Presenting visual acuity may vary from 20/20 to light perception, with an average of 20/100. Clinical examination reveals a mild-to-moderate aqueous inflammation with cell and flare in approximately 50-60% of patients. Small- to medium-sized keratic precipitates may be present, as well as posterior synechiae and iris atrophy with nodule formation. Vitreous cellular infiltrates are present in more than 90% of patients.
As demonstrated in the image below, fundus examination reveals multiple, small, discrete yellow/gray-white spots that are typically round and may be polygon or oval in shape. These lesions are approximately 200 µm in diameter, but they can vary in size (50-1000 µm). The lesions tend to scatter predominantly in the periphery rather than in the macula and are located at the level of the RPE and choriocapillaris. Multiple active lesions may occur at any one time.
Multifocal choroiditis and panuveitis. Multiple, discreet lesions appearing in the early stage of the disease.
During the late stage of the disease, seen in the image below, the spots may become atrophic, with a rim of hyperpigmentation. These can assume the classic punched-out appearance with bands of subretinal fibrosis at their margins.
Multifocal choroiditis and panuveitis. Late stage of disease manifesting atrophic, punched-out lesions.
During the acute phase, optic disc edema may occur, which later develops to peripapillary scarring assuming a characteristic "napkin ring" subretinal fibrosis13 . Periphlebitis is often present with resultant retinal vasculature narrowing14 . Cystoid macular edema is present in approximately 10-20% of patients, and the incidence of choroidal neovascular membrane formation varies from 25-40%12,15 .
Diagnostic imaging: fluorescein angiography
During the early stage, the active lesions exhibit blockage of the early fluorescence followed by late staining. A rim of hyperfluorescence may or may not be present around the lesions. With the late stage of the disease, the most predominant feature is that of RPE window defects corresponding to the areas of the lesions. (See the images below.)
Multifocal choroiditis and panuveitis. Fluorescein angiogram demonstrating punctate hyperfluorescence due to staining of the lesions.
Multifocal choroiditis and panuveitis. Fluorescein angiogram demonstrating late phase transmission hyperfluorescence of lesions.
Diagnostic imaging: indocyanine green angiography
Similar to findings on fluorescein angiography, early lesions of MCP are hypofluorescent on indocyanine green (ICG) angiography. In contrast, early lesions of POHS tend to be hyperfluorescent16,17,18 .
Electrophysiologic and psychophysical studies
The electroretinogram (ERG) is normal in approximately 50% of patients with MCP. However, a report by Jacobson and coworkers looking at ERG testing in patients with AZOOR, which included patients with MCP, revealed interocular asymmetry in all patients tested with full field ERGs2 . In addition, moderate abnormalities in the a-wave suggest that there is dysfunction at the level of the photoreceptor outer segment. Similar findings have been noted in MEWDS and AMN using both the a-wave and the early receptor potential recordings19,20 . Serial multifocal ERG (MERG) testing reveals a diffuse loss of function over the entire test field that is often permanent21 .

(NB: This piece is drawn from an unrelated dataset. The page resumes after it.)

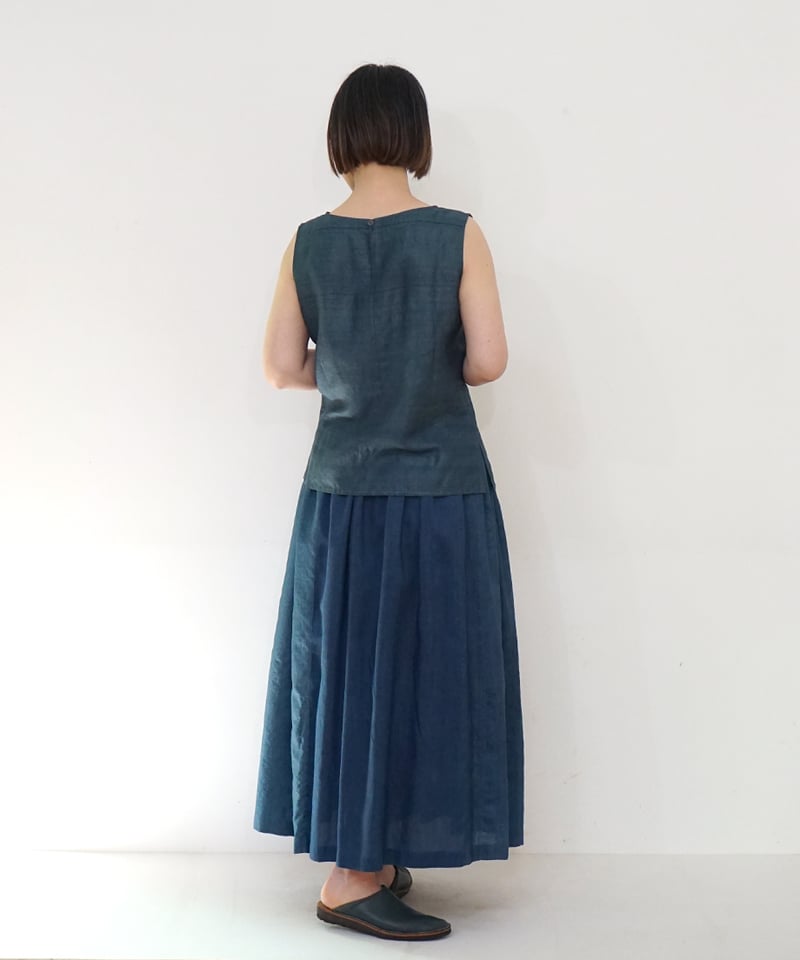 スカートthinギャザー patch 藍鼠 6925tvIGp | MAKI TEXTILE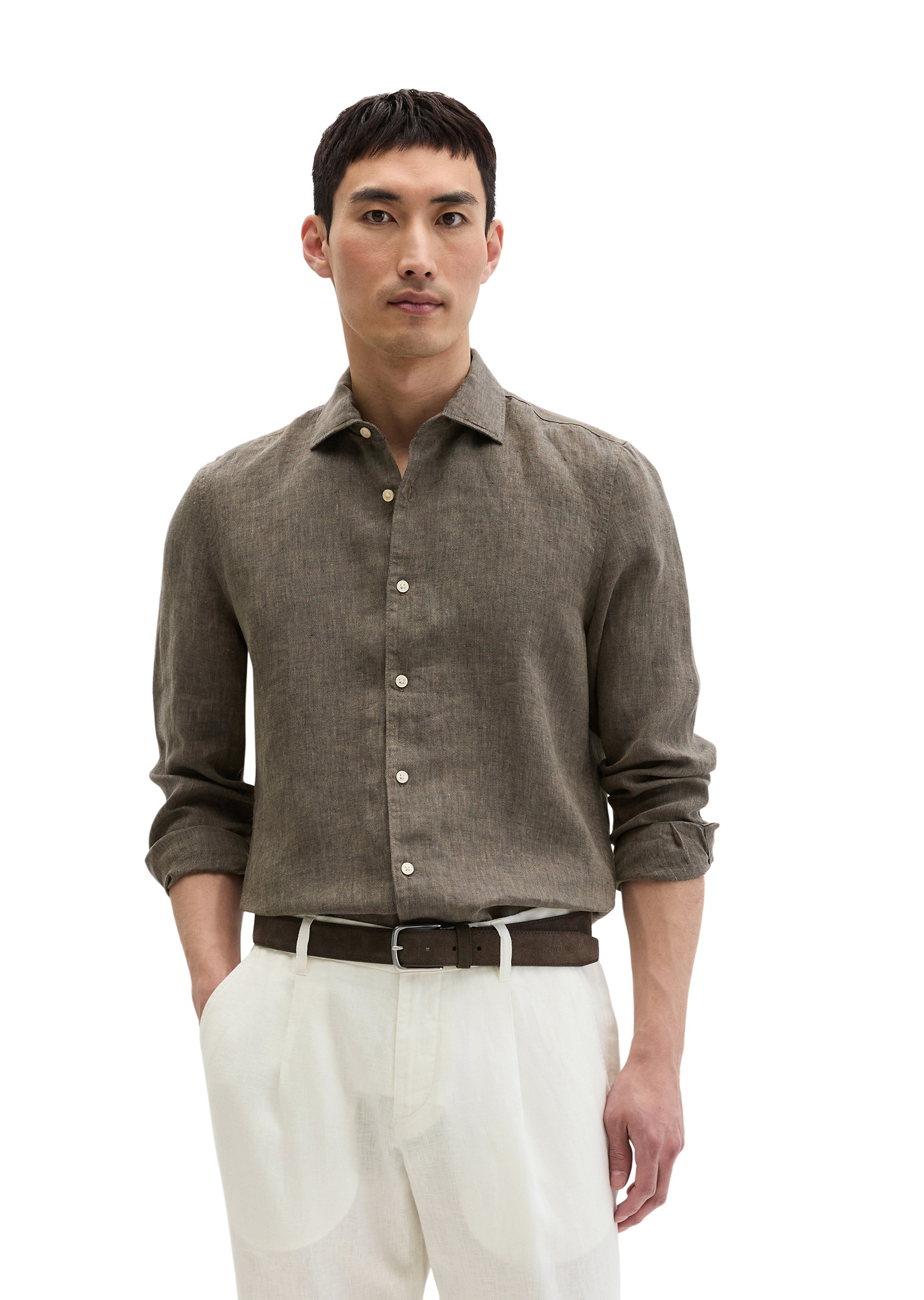 Marc O'Polo Chemise à manches longues coupe ajustée en chambray de lin fin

The EOG findings are abnormal in approximately 60% of patients studied. Visual field testing sometimes demonstrates increased blind spot size22 . Scotomata are associated with clinical retinal lesions. Visual field pattern abnormalities correlate well with ERG a-wave amplitude2 . In addition, large temporal field defects that do not correspond to clinical lesions have also been noted21 .
Etiology
The etiology of MCP remains unknown. Extensive systemic medical evaluations have not yet identified a single common cause for MCP. Unlike POHS, where 90% of patients exhibit positive reactions to the histoplasmin skin test, only 25% of patients with MCP exhibit positive reactions to this skin test23 . Positive treponemal serology is evident in up to 27% of patients with MCP, yet no modification of the disease with penicillin treatments has been achieved to date.
Radiologic investigations of patients with MCP have demonstrated hilar adenopathy in a small minority of patients (approximately 4%) along with pulmonary calcification (approximately 10%). In conjunction with this, approximately 20% of patients with MCP have a positive Mantoux test. Half of those patients, when treated with antituberculous medications, have a decrease in the ocular inflammation. Sarcoidosis has also been diagnosed in more than one third of patients with MCP.
Other infections that have been associated with MCP include herpes simplex, herpes zoster, Epstein-Barr virus, Lyme disease, Toxocara canis, and West Nile virus24,25,26,27,28 . Despite this, many investigators still believe that MCP results from an underlying autoimmune mechanism, possibly triggered by an infectious agent. Histopathologic studies of ocular specimens from patients with MCP have revealed a predominant B-lymphocyte and plasma cell infiltrate of the choroid and choriocapillaris29 . In addition, a deposition of compliment and immunoglobulins at or above the Bruch membrane has been noted. A proliferation occurs of the pigment epithelium with hyperplastic changes and migration into the neurosensory retina29 .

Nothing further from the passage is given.